Translated, this means “teaching is hard”—and indeed it is. The dream of the chatbot tutor crowd is that we’ll somehow figure out how to encapsulate the “complex manifold” of all pedagogical decisions, train AI upon it, and then BOOM, two sigma learning gains, or whatever. To which I say: Good luck navigating the complexity of that search space.1
And I also say, happy holidays! There’s at least one more post coming before the end of the year for you Cognitive Resonance die-hards—and if you wanted to give me an early Christmas present, I’d be grateful if you’d share this newsletter through your channels as I continue to grow readership.
Thanks for being part of this community.
Just so there’s no confusion down the road, I am not arguing we should forego the empirical testing of the use of LLMs in education—far from it. In fact I’m confident that as such studies roll in, they’ll help to let air out of the AI hype balloons. What I am saying is that creating some sort of leaderboard for AI educational tools is not going to meaningfully improve the pedagogical performance of such tools.
I think you're right on about the second problem. Generative AI is good, at least in a limited sense, at producing superficially plausible simulations of generic texts: "Make me *a* [whatever]." What it's not good at is responding to specific situations in a grounded and purposeful way: "Make me *this* [whatever]." As you suggest, effective teaching requires grounded, purposeful response to specific students in specific situations, and gen AI can't really get there - it can't make the leap from plausible(ish) to purposeful.
(And this is even setting aside the embodied aspects of teaching and learning as a specifically human interaction.)
Agreed, teaching is hard, and developing benchmarks upon which to judge an AI tutor’s use of the disparate methods and techniques at a teacher’s disposal is quixotic and a fundamental misunderstanding of both AI and Education.

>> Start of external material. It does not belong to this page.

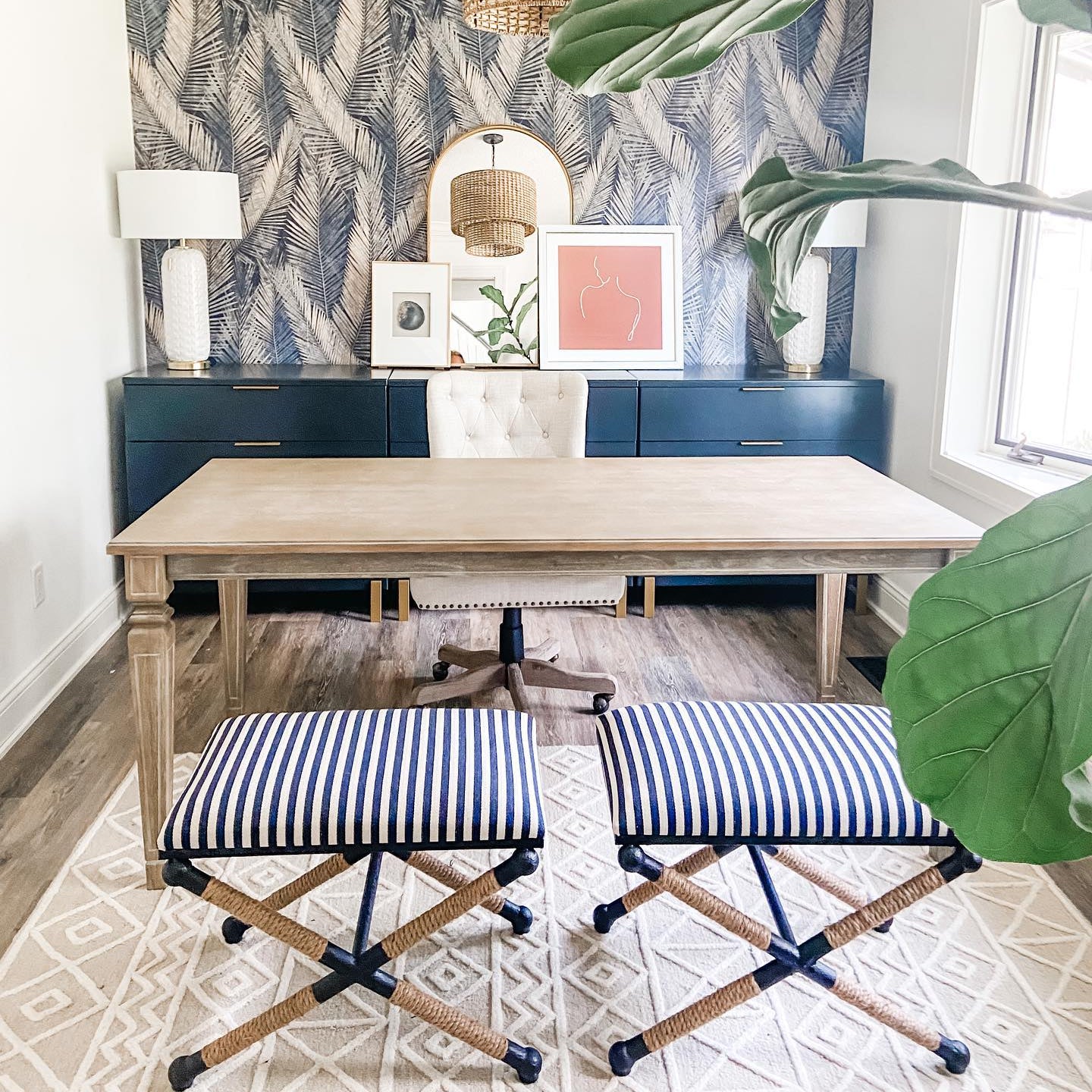 Living room with a wooden table, blue stools with striped cushions, and decorative wall art.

Teaching, as you rightly point out, occurs in novel ecosystems—unique mixes of learner needs, behaviors, social dynamics, prior knowledge, teaching style, etc.

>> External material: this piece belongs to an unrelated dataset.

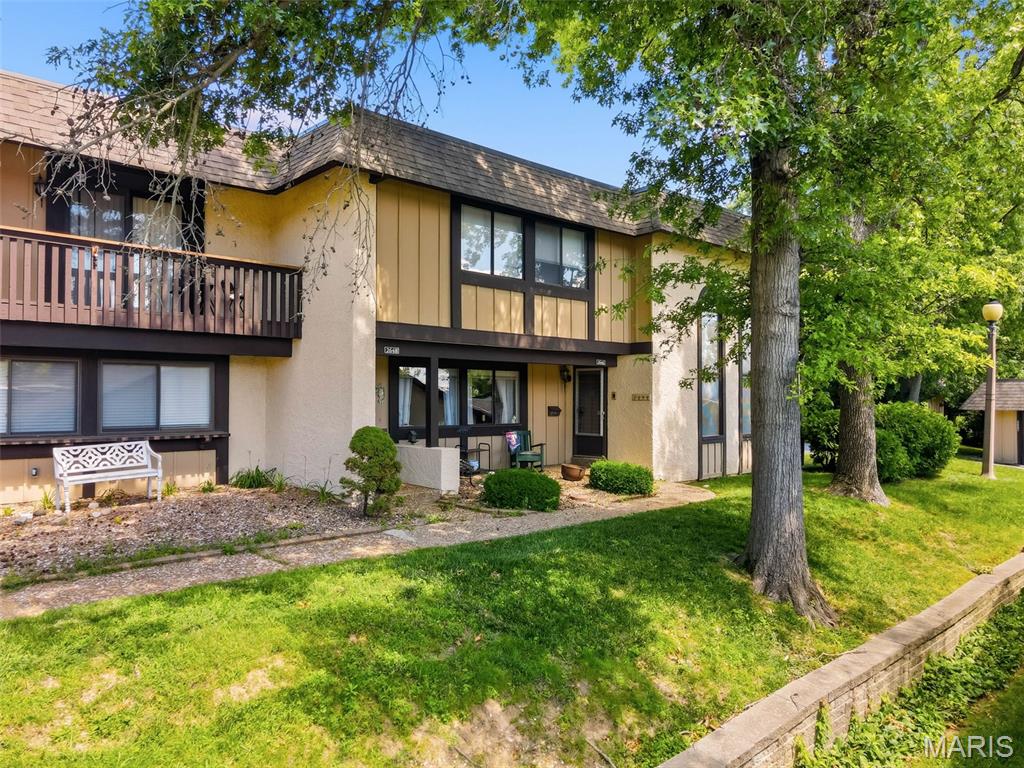 Dynamic townhome in Heritage with approximately 2,301 sq ft of finished living space!  This spacious home offers a fantastic twist on the traditional and expected townhome design.  There is a private patio with planting beds inside the HOA maintained privacy fencing, an oversized 2 car garage (23ft 8 inches D x 21 ft 5 inches W) and a dramatic 2 story Great Room with beamed ceiling and palladium windows.  The patio connects the townhome to the rear entry garage.  Features include an eat in Kitchen with a bay window, solid surface countertops, electric stove, microwave, dishwasher, refrigerator, tile backsplash, Hearth Room, Andersen sliding door, main floor bathroom, main floor laundry closet, Dining Room, large Great Room with floor to ceiling windows, woodburning fireplace, a Loft, spacious Primary Bedroom, walk in closet (2 closets in the Primary), level door hardware, 50 gallon water heater, humidifier, garage door opener and more.  The finished lower level has a Recreation/Family Room, cedar closet, half bath and ample unfinished storage.  The oversized garage is accessible through the courtyard/patio.  The HVAC and humidifier are newer (2022).  The monthly fee covers an extensive list including snow removal, lawn maintenance, landscaping (excluding personal plant areas), some insurance, some exterior maintenance, fencing at courtyard/patio, siding, roof, gutters, downspouts, trash and more.  Take note that there is not an annual fee in addition to the monthly fee.  Mail is delivered directly to the home.  The kitchen refrigerator and lower level freezer are included in the sale.  This home is conveniently located near Highways 94/364, The Centennial Greenway, The Katy Trail, Historic Downtown St. Charles and the popular Streets of St. Charles Entertainment District.  Lambert International is an easy commute.  Uniquely different in the best way, check it out!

The confounds are seemingly endless.
My question is whether we may take narrowly defined teaching methods, a Worked Example for instance, and come to understand or generate the optimal base structure of it?

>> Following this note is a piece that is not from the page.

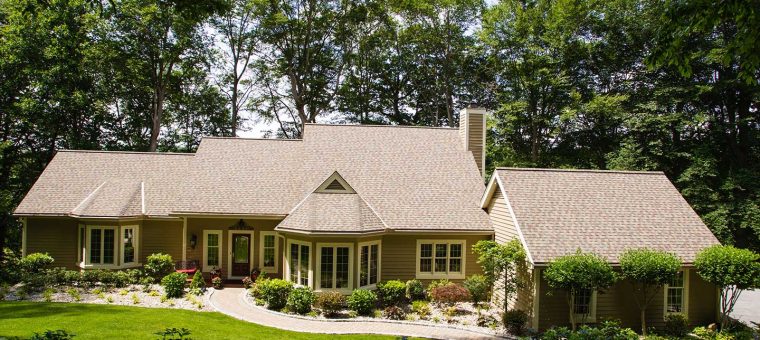 shingle roofing on a big house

That is, don’t ask an AI to tutor a student, but perhaps it can give you a great approximation of what the average version of X teaching method or learning object is given the context provided. It won’t put all the elements together and properly apply methods (hell expert teachers don’t always get this right. There is no instructional methods checklist to follow) but perhaps the narrowly defined approximation of a single method embued with context is an excellent building block for the novice teacher.